Like Jef Costello, Meir lives in a bare, anonymous room, putting on his 'armour' as he gets ready to go out into the 'outside' world. The patient detail, the steady distanced camera, the emphasis on clothes and identity, all strike me strongly as Melvillean, to the extent that I wonder whether he's going out to kill someone. The nearest to this is when his brother-in-law drives through the streets of Jerusalem, urging by megaphone a retrenchment of Jews, lapsed and Orthodox, in the vengeful war against their enemies. We are seeing the charming outcome of that mentality at the moment. Maybe the comparison with a professional assassin isn't so far-fetched after all.

Another comparison, on the same lines, might be Bresson, given the focus on things, details, actions, and the religious milieu. Whether the bizarrre close can be seen as a moment of Bressonian revelation is debatable, but the relentless misery and humiliation inflicted on the female characters certainly bear his mark; rarely has such a religious environment seemed so unspiritual, like the pious provincial hypocrites in 'Mouchette'. The curious rock singer involved in an illicit relationship also reminded me of d'Oliveira's 'La Lettre'.

I reach for these disparate comparisons because I'd been told that Amos Gitai was one of the world's greatest filmmakers, and that this was a classic. I'm sure both statements are true, I'd have to watch more of his work more closely. Certainly, this film is more immediately sensual than Bresson's - the slow style, the emphasis on ritual detail (right down to the love scenes), the unforgiving milieu do not preclude moments of sensuality or shock, such as Rivka's self-pleasuring in front of her mirror as her husband sleeps, or the shocking virtual rape of her sister on her arranged marriage day, the sexual act as institutional attack, one of the most horrifying, and eventually unwatchable scenes I have ever seen.

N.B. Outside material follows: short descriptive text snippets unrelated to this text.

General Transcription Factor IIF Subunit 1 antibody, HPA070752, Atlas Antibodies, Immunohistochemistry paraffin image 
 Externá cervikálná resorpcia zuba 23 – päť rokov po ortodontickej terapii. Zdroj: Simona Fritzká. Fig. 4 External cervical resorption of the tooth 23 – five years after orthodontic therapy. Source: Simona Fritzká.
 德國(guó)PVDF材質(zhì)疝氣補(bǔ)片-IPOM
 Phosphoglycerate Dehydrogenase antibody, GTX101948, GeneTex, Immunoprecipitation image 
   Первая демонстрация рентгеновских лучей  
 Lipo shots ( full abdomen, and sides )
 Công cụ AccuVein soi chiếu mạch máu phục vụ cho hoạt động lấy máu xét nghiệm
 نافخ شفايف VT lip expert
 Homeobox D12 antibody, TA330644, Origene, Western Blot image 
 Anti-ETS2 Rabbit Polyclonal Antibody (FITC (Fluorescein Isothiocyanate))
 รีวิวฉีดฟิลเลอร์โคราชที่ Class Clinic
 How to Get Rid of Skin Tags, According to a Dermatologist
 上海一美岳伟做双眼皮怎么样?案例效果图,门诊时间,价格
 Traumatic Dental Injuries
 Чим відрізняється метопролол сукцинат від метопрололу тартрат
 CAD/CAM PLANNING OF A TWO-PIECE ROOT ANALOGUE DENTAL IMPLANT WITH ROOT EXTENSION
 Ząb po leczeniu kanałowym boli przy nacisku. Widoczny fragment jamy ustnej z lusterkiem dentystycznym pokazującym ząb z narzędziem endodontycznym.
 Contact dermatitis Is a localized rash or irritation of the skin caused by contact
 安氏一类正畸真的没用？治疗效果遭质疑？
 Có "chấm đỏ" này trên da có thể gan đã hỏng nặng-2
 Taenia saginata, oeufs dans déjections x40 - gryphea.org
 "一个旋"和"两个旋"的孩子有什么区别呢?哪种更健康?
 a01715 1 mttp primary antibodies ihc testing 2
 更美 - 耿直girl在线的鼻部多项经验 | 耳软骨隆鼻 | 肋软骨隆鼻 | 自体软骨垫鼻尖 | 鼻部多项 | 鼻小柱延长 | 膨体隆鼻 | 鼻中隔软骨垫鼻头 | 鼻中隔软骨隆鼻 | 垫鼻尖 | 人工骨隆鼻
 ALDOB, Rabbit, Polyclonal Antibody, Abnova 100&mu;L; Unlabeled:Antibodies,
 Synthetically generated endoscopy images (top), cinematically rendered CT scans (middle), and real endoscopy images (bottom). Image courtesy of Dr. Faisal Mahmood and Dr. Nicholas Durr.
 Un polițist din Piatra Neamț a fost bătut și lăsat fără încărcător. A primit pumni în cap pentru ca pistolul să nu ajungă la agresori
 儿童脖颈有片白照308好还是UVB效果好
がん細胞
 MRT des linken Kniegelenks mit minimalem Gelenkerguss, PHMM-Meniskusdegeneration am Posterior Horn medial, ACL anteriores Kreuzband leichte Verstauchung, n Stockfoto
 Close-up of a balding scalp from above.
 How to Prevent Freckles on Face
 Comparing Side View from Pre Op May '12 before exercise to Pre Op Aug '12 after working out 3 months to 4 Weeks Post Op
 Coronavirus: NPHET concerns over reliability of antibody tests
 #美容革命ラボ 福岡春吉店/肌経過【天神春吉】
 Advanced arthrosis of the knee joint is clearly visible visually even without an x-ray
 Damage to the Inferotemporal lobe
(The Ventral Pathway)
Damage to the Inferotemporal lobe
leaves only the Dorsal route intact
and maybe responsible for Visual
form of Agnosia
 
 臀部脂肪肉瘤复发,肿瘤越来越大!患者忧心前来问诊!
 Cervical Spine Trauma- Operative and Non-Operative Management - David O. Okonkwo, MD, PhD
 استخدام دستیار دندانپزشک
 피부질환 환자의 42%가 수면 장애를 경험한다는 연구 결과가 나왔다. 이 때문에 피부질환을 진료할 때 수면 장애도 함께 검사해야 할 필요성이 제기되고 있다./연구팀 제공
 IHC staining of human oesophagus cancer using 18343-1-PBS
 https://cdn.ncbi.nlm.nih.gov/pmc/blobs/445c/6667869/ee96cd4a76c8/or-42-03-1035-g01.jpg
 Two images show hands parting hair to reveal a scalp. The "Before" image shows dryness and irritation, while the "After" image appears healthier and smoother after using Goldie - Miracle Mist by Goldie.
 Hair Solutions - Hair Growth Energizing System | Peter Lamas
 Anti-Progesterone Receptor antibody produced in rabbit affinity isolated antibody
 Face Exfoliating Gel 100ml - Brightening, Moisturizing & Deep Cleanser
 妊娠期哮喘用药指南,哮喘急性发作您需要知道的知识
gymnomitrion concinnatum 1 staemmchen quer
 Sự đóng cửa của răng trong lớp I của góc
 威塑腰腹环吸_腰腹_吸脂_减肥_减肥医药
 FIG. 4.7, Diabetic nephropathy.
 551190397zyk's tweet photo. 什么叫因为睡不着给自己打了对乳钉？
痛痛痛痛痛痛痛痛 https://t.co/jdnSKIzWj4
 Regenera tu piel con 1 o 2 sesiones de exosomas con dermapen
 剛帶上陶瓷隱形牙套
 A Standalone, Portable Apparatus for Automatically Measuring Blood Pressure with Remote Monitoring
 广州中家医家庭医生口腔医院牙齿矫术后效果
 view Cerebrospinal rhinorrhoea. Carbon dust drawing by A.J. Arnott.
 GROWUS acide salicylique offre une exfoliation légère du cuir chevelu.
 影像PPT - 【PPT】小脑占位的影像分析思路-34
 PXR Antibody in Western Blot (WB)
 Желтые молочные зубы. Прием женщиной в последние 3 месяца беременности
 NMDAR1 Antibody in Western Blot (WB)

What most impressed me about the film was its vision of two world s of time co-existing in the same space, the Orthodox Jewish sect living a rigid life, seemingly unchanged since the Old Testament, and the modern, capitalist world that mocks them. As the sister quite rightly points out, there's a big world, out there; their system is just a time-honoured excuse for men to wield power. There is a Berlin Wall between these two worlds, and when Malka meets her lover, it's like a prisoner escaping an enemy bunker, or someone travelling between two worlds in a time machine.

The film's seemingly transparent style is densely complex in its patterning. Take the first three scenes, which seem to increasingly open out - a woman in bedroom with husband; woman in social situation watching religious ceremony; woman in streets going into shop - but is actually shutting tight possibilities, as the plot, and this society, sets its deadly trap.

It's true that this plot is overly schematic - some have complained that the Orthodox Jews aren't sufficiently understood or explained. Maybe, although Meir is a generally sympathetic character, impotent in so many ways. The fate of Rivka can be read as either pessimistic or liberating - are the final sequences a (wet) dream, a final drenching in female subjectivity of a male hierarchy (including narrative)? Or is it what it seems, a horrible waste of life? The use of the unswervingly monotonous score seems to undermine scenes of apparent change.